Gibraltar Chronicle Logo
Local News

Govt reports ‘good, steady progress’ in oil spill clean-up, Camp Bay closed for swimming

Photos by Johnny Bugeja

The Gibraltar Government reported “good, steady progress” in the clean-up operation following the oil spill earlier this week.

Teams continued to mop oil from the rocky shoreline in Rosia Bay while vessels targeted free-floating patches of oily sheen at sea using sorbent booms.

The sheening, which emanated from the oil on the coastline and rocks particularly in the Rosia Bay area, forced the authorities to prohibit swimming in Camp Bay, where the red flag was flying.

The Port of Gibraltar remained closed for bunkering operations while the clean-up was under way.

The Department of Environment also removed jellyfish nets from Camp Bay and Little Bay to clean them and replace them as soon as possible.

“This situation is being reviewed daily,” said No.6 Convent Place in an update.

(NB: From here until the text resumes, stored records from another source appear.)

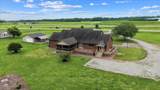 232 Mitchell Farm Road - Photo 37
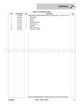 Page 219 Thumbnail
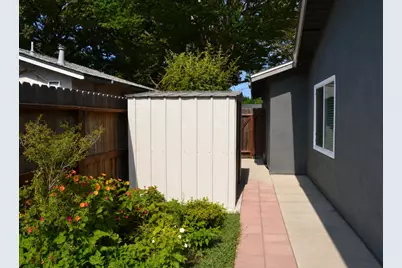 1824 Ellison Drive, Modesto, CA 95355 - Photo 11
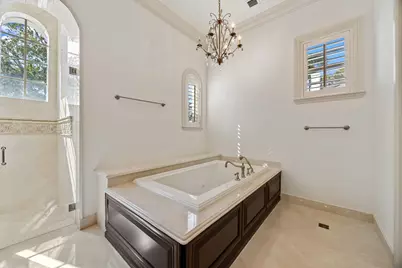 11973 NW 66th Court, Parkland, FL 33076 - Photo 38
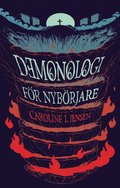 Demonologi fr nybrjare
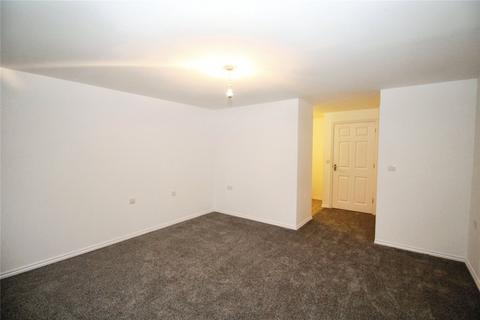 1 bedroom flat for sale, Billys Copse, Hampshire PO9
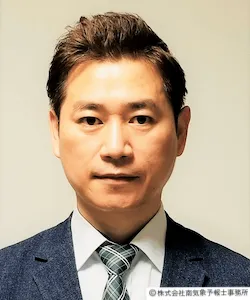 篠原 正さんお写真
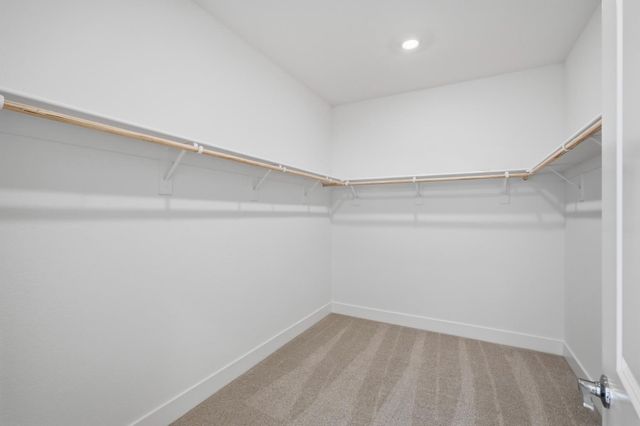 1425 Marmo Cir, Roseville, CA 95747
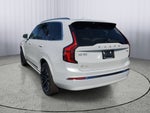 2026 Volvo XC90 Core
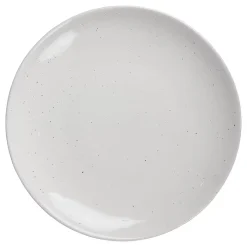 LYNN Frühstücksteller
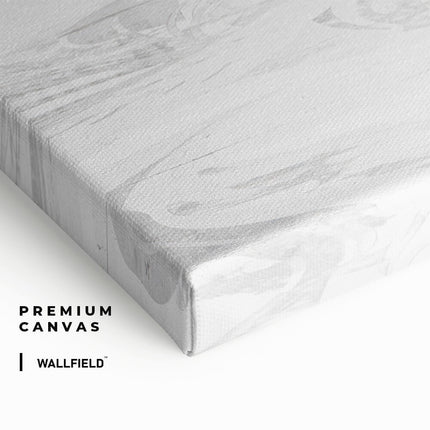 "Sheikh Zayed Mosque"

“Clean-up work will continue throughout the weekend.”

“Members of the public are urged to respect any red flags that may need to be raised and which will be returned to yellow as soon as it is safe to do so.”

Between 1000 and 2000 litres of low sulphur fuel oil were spilt from the gas tanker Gas Venus during a bunkering operation on off the South Mole on Tuesday.

The gas tanker was detained by port state control and the Gibraltar Port Authority [GPA] on Tuesday as an investigation was launched into what happened.

The vessel’s captain was also arrested by the Royal Gibraltar Police on suspicion of a pollution offence under port rules.

Depending on the investigation, the vessel’s captain and operator could potentially face legal action in line with the ‘polluter pays’ principle if they are found to have been at fault.